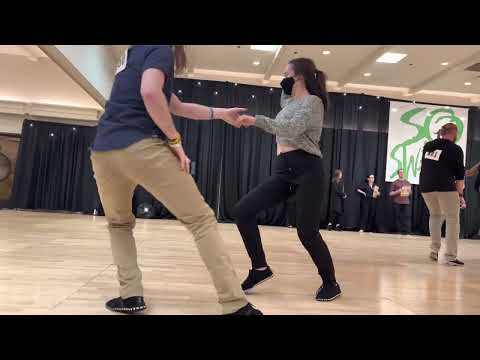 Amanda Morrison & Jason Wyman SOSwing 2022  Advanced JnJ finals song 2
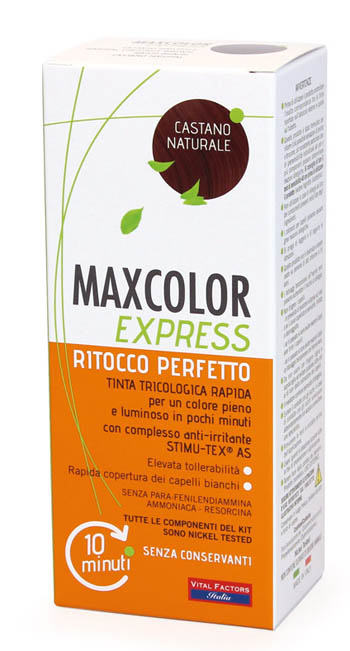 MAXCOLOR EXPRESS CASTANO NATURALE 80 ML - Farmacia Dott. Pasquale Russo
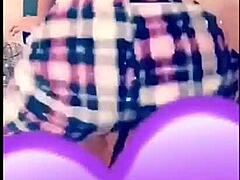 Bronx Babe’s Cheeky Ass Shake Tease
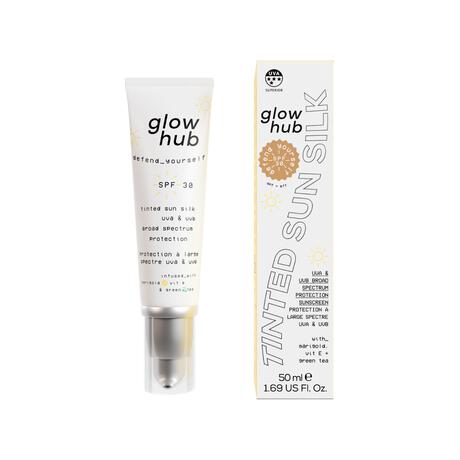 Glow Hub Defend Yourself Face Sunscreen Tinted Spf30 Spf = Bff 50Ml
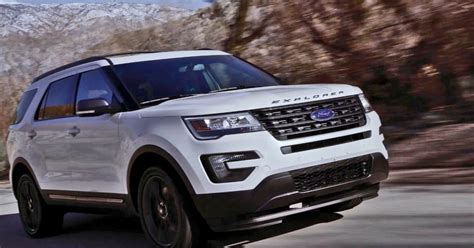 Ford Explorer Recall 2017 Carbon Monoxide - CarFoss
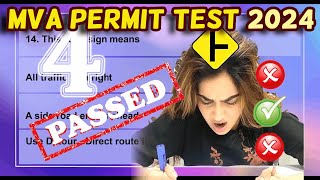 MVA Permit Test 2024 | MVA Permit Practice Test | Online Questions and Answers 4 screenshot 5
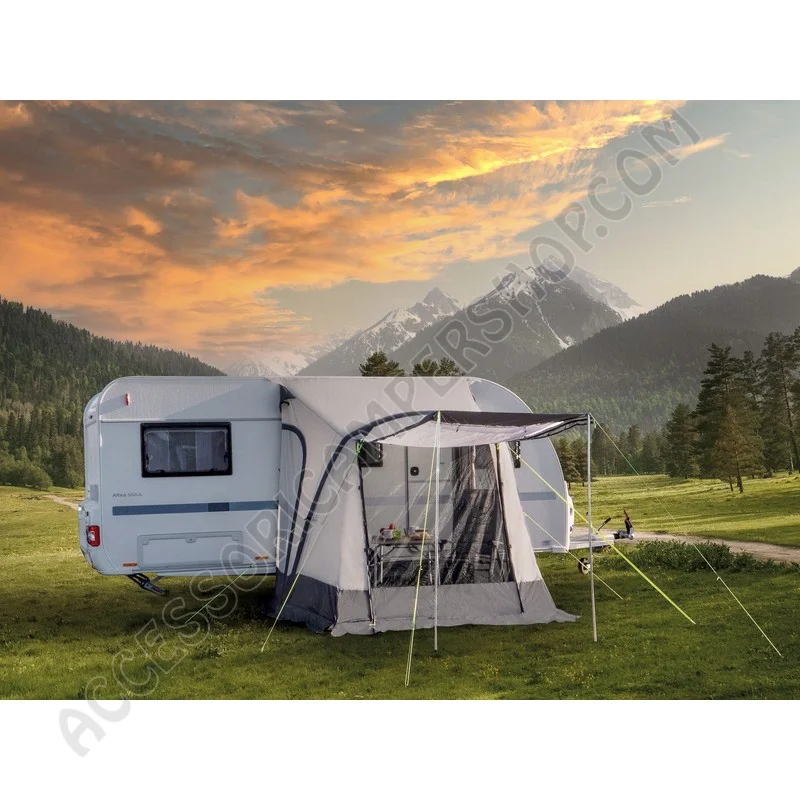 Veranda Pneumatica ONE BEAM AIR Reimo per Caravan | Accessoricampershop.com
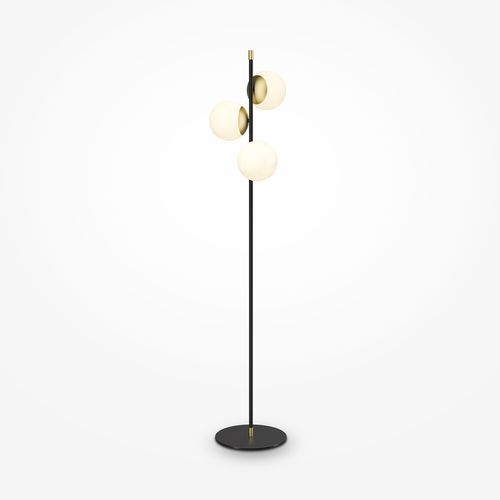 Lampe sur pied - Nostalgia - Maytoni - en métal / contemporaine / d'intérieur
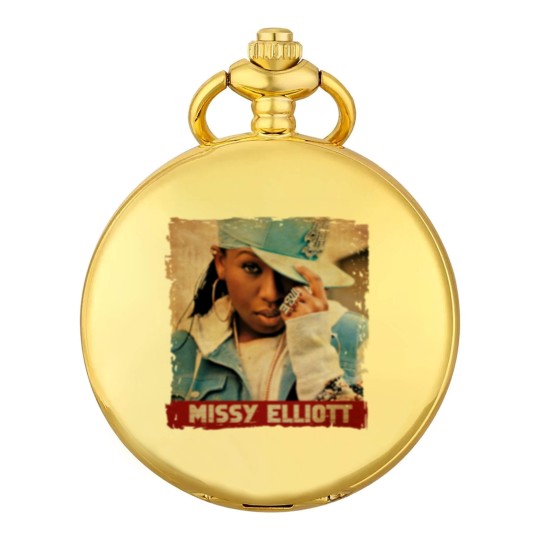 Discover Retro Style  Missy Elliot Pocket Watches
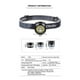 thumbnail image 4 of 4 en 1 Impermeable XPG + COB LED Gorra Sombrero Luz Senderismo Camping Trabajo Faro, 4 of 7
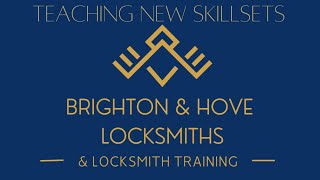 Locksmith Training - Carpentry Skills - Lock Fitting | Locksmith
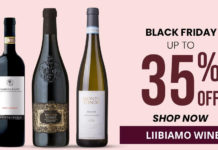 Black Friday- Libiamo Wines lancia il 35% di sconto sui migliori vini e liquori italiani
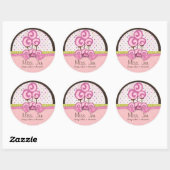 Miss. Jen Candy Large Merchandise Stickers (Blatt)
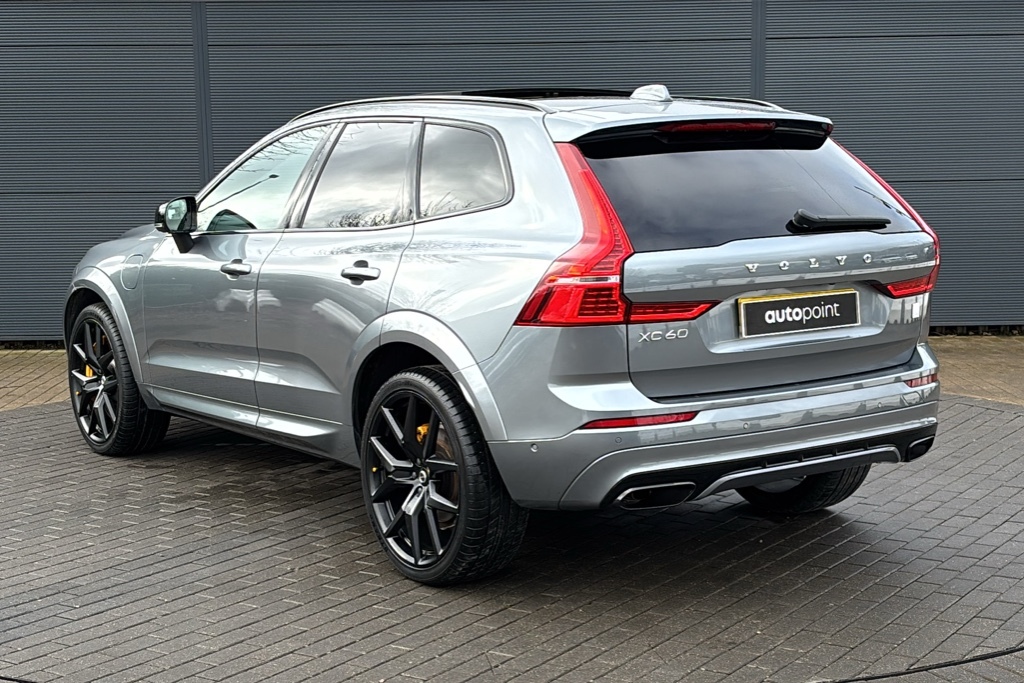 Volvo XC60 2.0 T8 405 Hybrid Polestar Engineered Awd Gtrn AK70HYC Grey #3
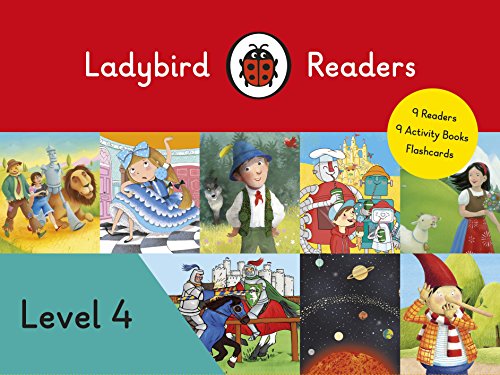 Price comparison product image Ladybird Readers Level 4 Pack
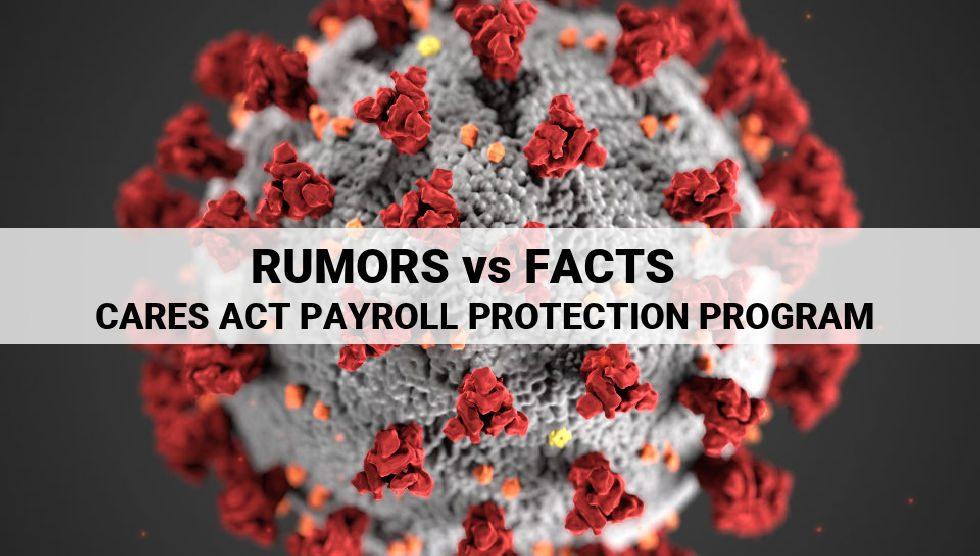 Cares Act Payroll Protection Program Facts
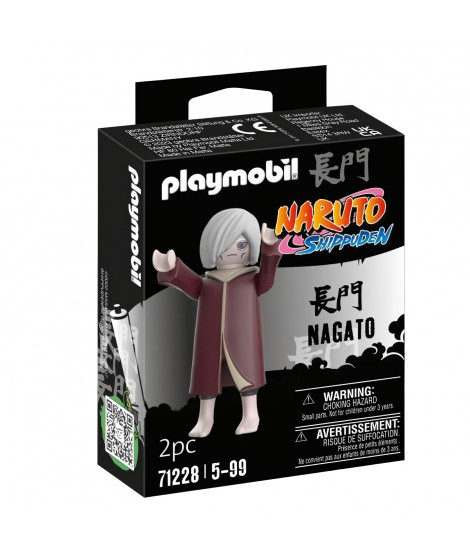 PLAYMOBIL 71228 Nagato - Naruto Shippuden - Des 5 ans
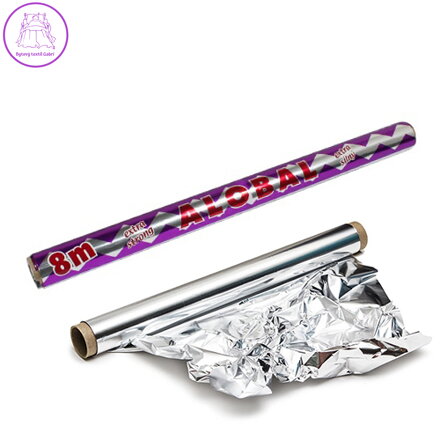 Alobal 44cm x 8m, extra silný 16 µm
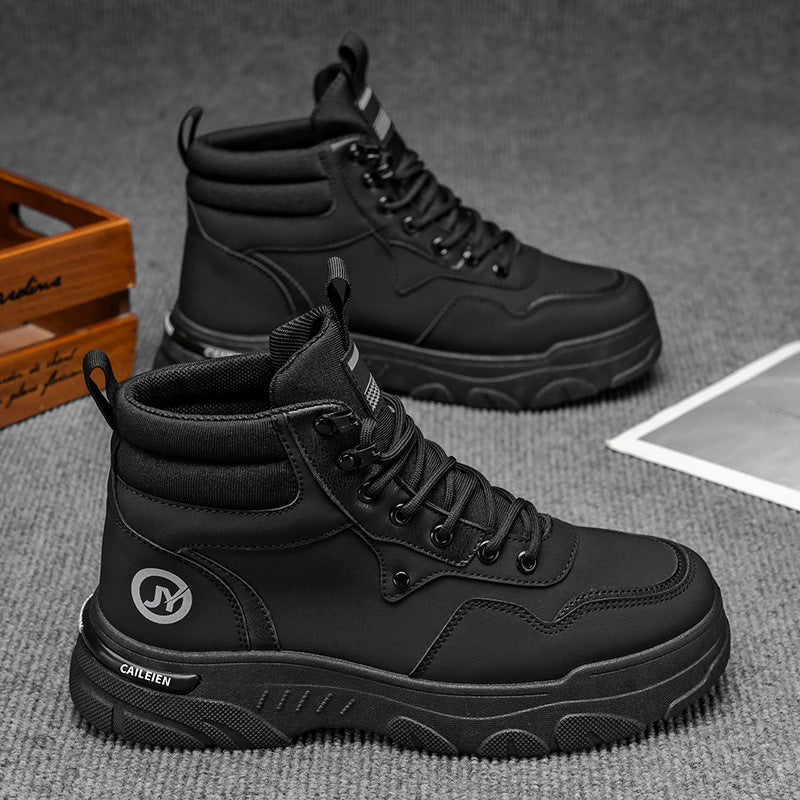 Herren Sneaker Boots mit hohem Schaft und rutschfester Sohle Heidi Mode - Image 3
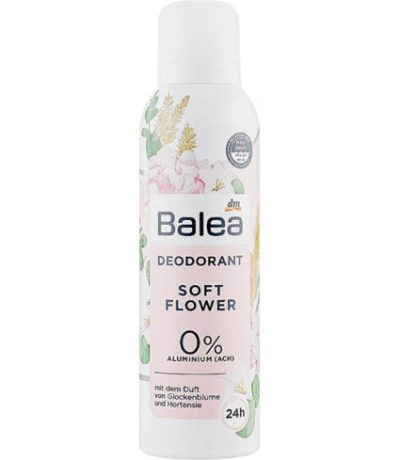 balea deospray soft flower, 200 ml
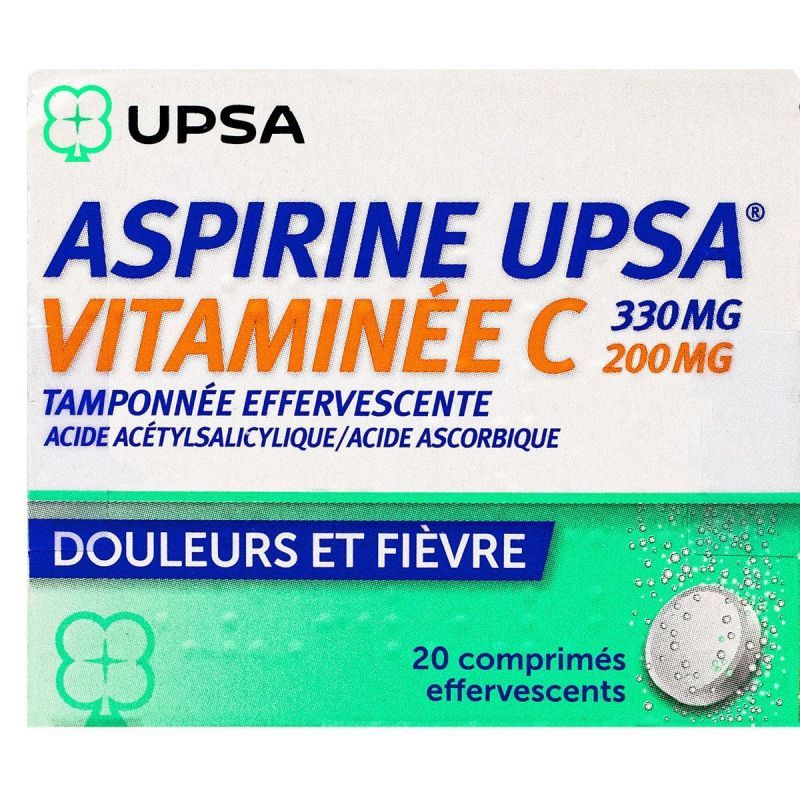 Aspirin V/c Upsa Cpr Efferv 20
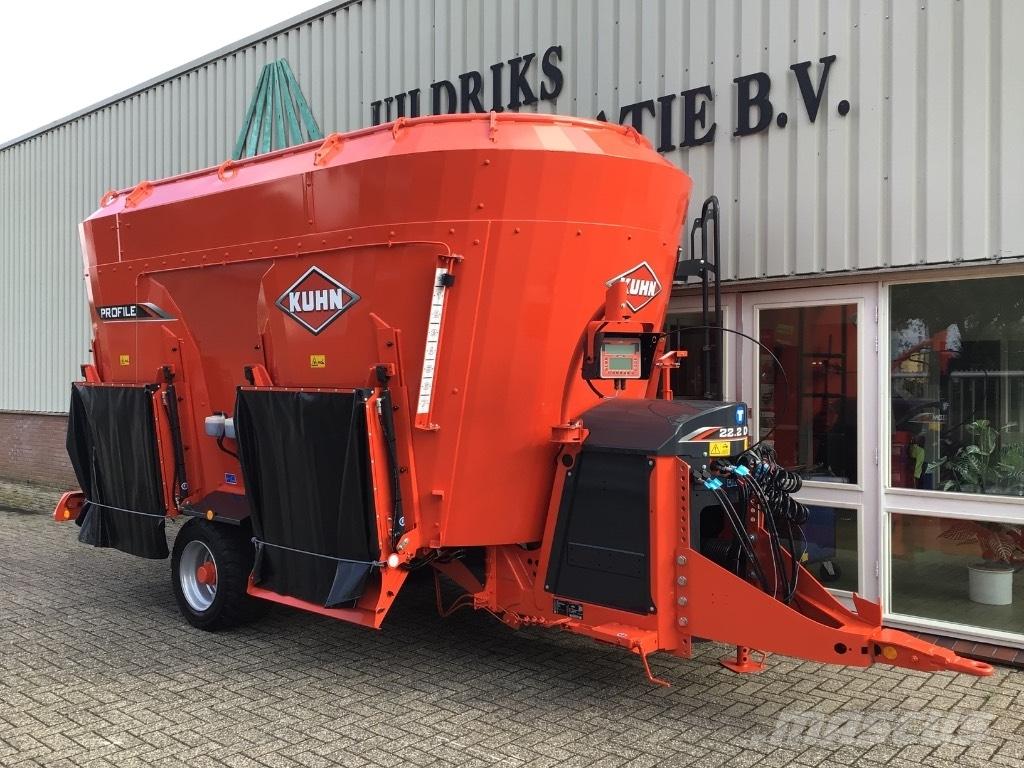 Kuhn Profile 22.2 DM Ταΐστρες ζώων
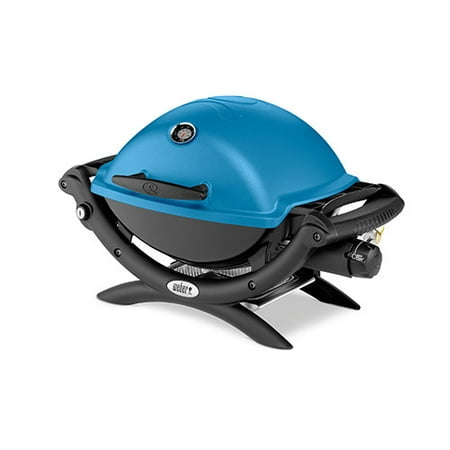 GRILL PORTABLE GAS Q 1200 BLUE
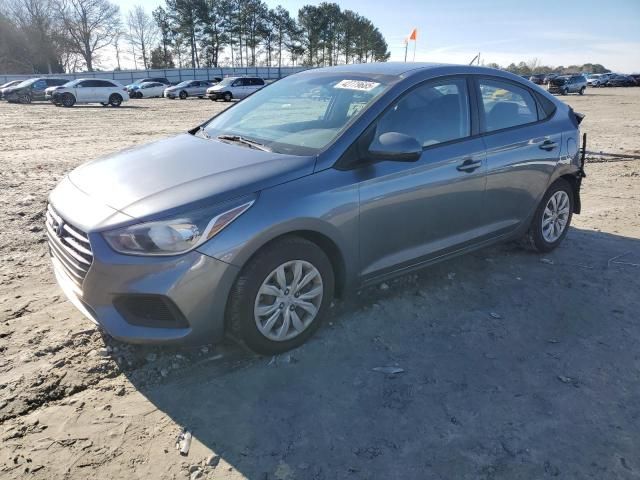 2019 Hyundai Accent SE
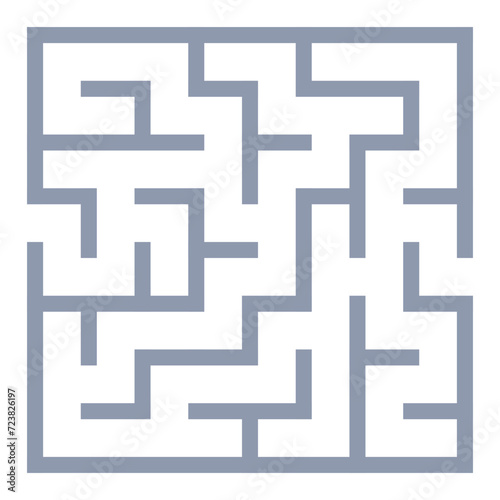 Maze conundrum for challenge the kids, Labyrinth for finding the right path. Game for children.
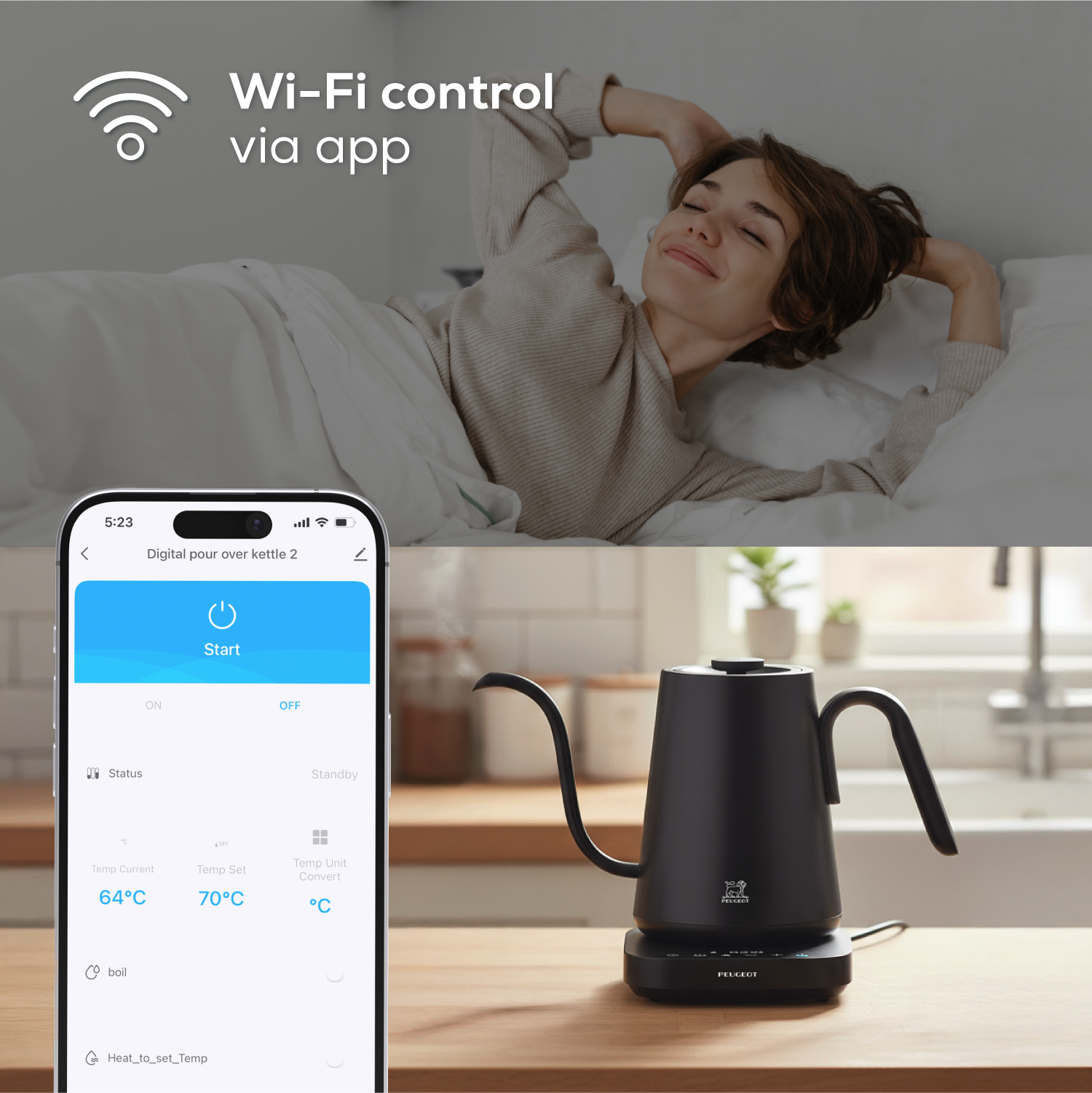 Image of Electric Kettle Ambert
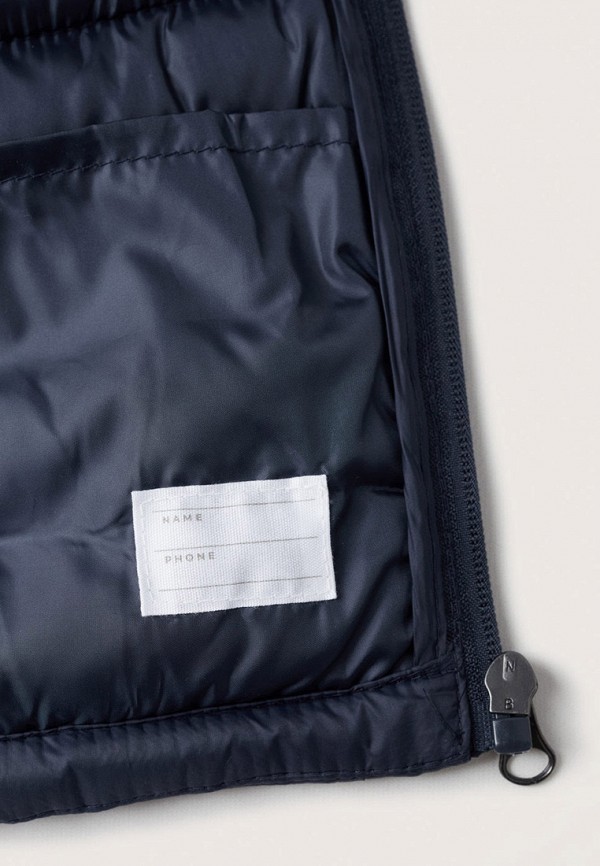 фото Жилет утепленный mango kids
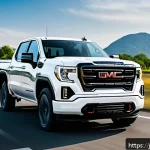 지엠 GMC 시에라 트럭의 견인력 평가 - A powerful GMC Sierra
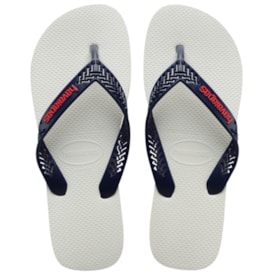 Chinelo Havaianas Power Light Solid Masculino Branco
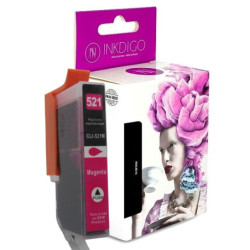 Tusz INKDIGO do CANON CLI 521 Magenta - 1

● **Exercise**
Only the lines starting at the one with "Aspirin V/c Upsa Cpr Efferv 20" and ending at the one with "Image of Electric Kettle Ambert" should be printed, each exactly as it appears in the material above; the pictures are to be omitted.

● **Exercise response**
 Aspirin V/c Upsa Cpr Efferv 20
 Kuhn Profile 22.2 DM Ταΐστρες ζώων
 GRILL PORTABLE GAS Q 1200 BLUE
 2019 Hyundai Accent SE
 Maze conundrum for challenge the kids, Labyrinth for finding the right path. Game for children.
 Image of Electric Kettle Ambert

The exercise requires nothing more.